Opinião do Estadão
Houve tempo em que dirigentes sindicais responsáveis faziam do dia 1.º de maio um momento de reflexão sobre os problemas que atormentavam os trabalhadores. Em muitos países, a data foi transformada no Dia do Trabalhador para homenagear aqueles que dedicaram a vida à defesa dos direitos de seus parceiros de trabalho. Nos últimos anos, porém, as centrais sindicais brasileiras transformaram o Dia do Trabalhador num pretexto para festas e discursos demagógicos, desvirtuando seu significado original.
Dinheiro para festejar não lhes falta. Além da generosa fatia a que têm direito na partilha do dinheiro extraído anualmente do bolso dos trabalhadores na forma de imposto sindical, o que lhes garante mais de R$ 100 milhões por ano, as centrais obtiveram patrocínio de empresas estatais e de algumas companhias privadas para realizar sua festança deste domingo.

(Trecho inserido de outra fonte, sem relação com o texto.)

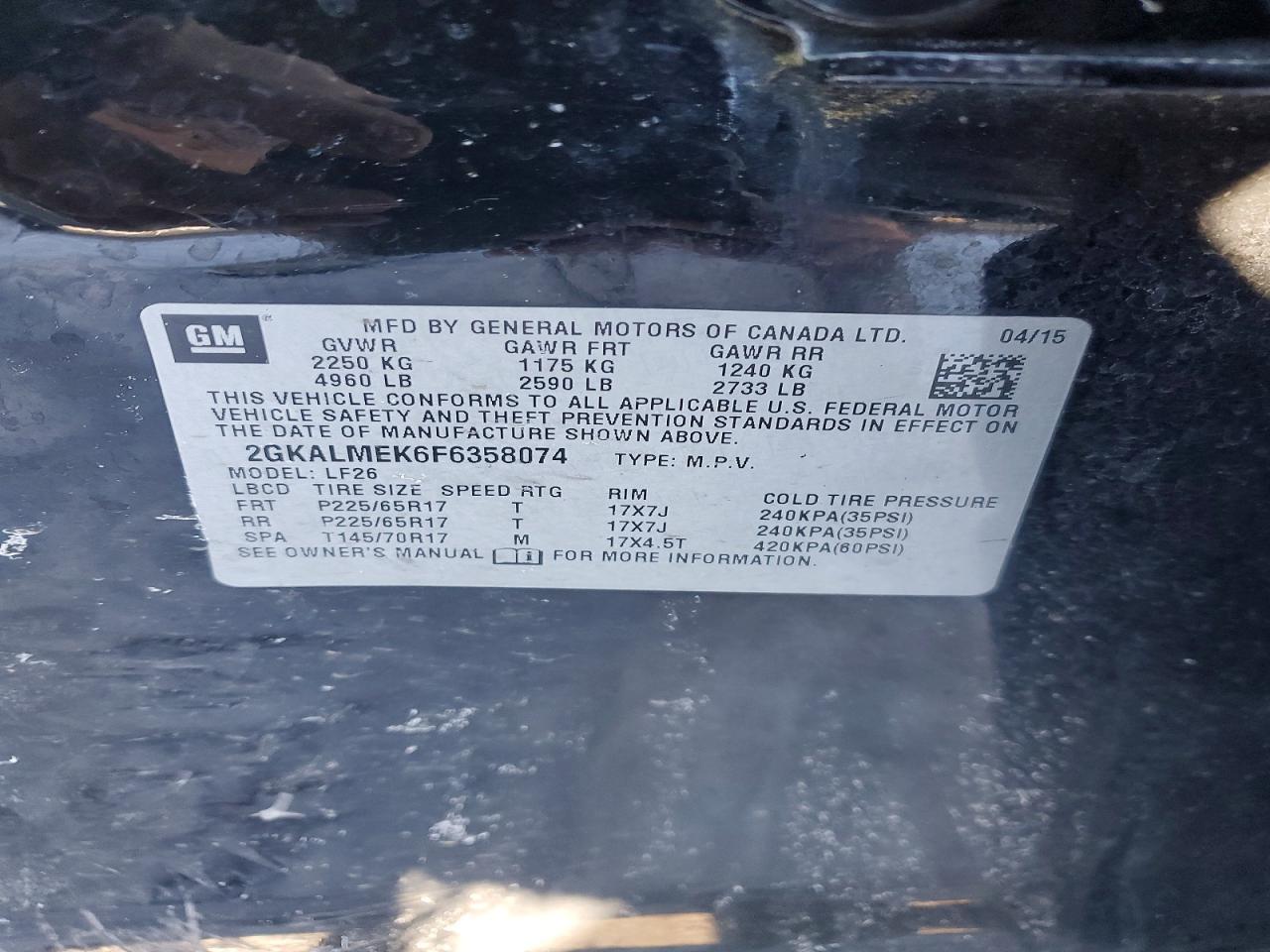2015 GMC Terrain sle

Estima-se que as duas grandes festas das centrais sindicais em São Paulo - uma liderada pela Força Sindical, com o apoio de outras quatro entidades, outra preparada pela Central Única dos Trabalhadores (CUT) - custarão R$ 5 milhões.
Alguns artistas renomados, outros nem tanto, políticos e sindicalistas se apresentarão para cerca de 2 milhões de pessoas, atraídas não para discutir as grandes questões que afetam o mercado de trabalho e angustiam os trabalhadores, mas para ver seus artistas prediletos e concorrer a prêmios valiosos, como 20 automóveis novos.

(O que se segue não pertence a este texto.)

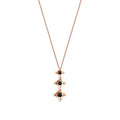 0,09 ct. Schwarz Stein Tria Halskette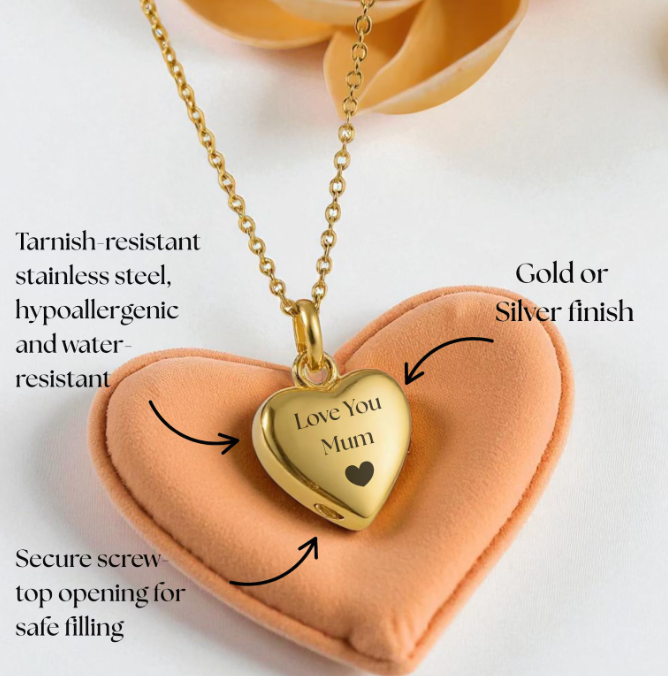 Personalized Cremation Heart Urn Necklace - Image 4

Seria muito bom se a realidade justificasse tanta festa. As condições de trabalho e de vida no Brasil e no mundo mudaram radicalmente em relação àquelas que prevaleciam no fim do século 19, quando a data foi escolhida para homenagear os trabalhadores. E continuam a mudar para melhor. Mas problemas novos surgiram.
Nos últimos anos, o avanço da tecnologia na indústria e no setor de serviços e a internacionalização das atividades econômicas e financeiras impuseram mudanças profundas nas relações do trabalho, num processo de desregulamentação que enfraqueceu os vínculos formais entre empregador e empregado.

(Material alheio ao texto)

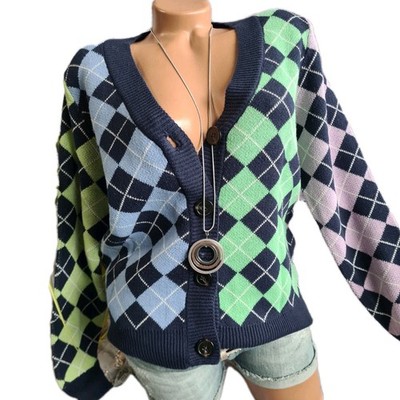 Aniston Damen Strickjacke Pulli blau kariert Langarm Gr. 36 bis 44 (1056) NEU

Com muito raras exceções, os líderes sindicais não entenderam as transformações no mundo do trabalho, no exterior e no Brasil. Continuam presos a velhas palavras de ordem, que repetem como se quisessem ter a sensação do cumprimento de seu dever. Há dias, os dirigentes das centrais sindicais apresentaram ao presidente da Câmara dos Deputados, Marco Maia (PT-RS), a lista do que consideram prioritário. Os pontos são velhos conhecidos: redução da jornada de trabalho, eliminação do fator previdenciário e regulamentação do trabalho terceirizado.
Nada disseram sobre problemas graves do mercado de trabalho, que não lhes parecem causar preocupação. Alguns são tão antigos como o Brasil e outros são bastante recentes. Mas as lideranças sindicais parecem alheias às mudanças que ocorreram diante de seus narizes.
Pretendendo representar os trabalhadores em nome dos quais dizem atuar, na realidade as centrais representam, no máximo, metade dos brasileiros que vivem de seu trabalho. Dados recentes mostram que a informalidade no mercado de trabalho vem diminuindo, mas, ainda hoje, 51,5% das pessoas que vivem de seu trabalho não têm registro em carteira. Não contam com nenhum direito trabalhista e, por omissão dos sindicatos, não têm direito nem mesmo à sindicalização.
Os que mais precisam de apoio dos sindicatos são por estes inteiramente ignorados, como mostra o fato de terem sido surpreendidos pela recente onda de revoltas nos canteiros de obras de usinas hidrelétricas. Não sabiam o que ocorria em algumas das maiores aglomerações de trabalhadores do País.
Além disso, eles nada têm feito para treinar os trabalhadores de suas bases para as novas demandas do mercado de trabalho. Há empregos, mas é cada vez maior a falta de trabalhadores qualificados para ocupá-los. É preciso preparar os trabalhadores, mas, para os sindicatos, esse não é problema deles, como não são muitos outros. Por isso, a festa de Primeiro de Maio deixou de ser a festa dos trabalhadores para virar a festa das lideranças sindicais.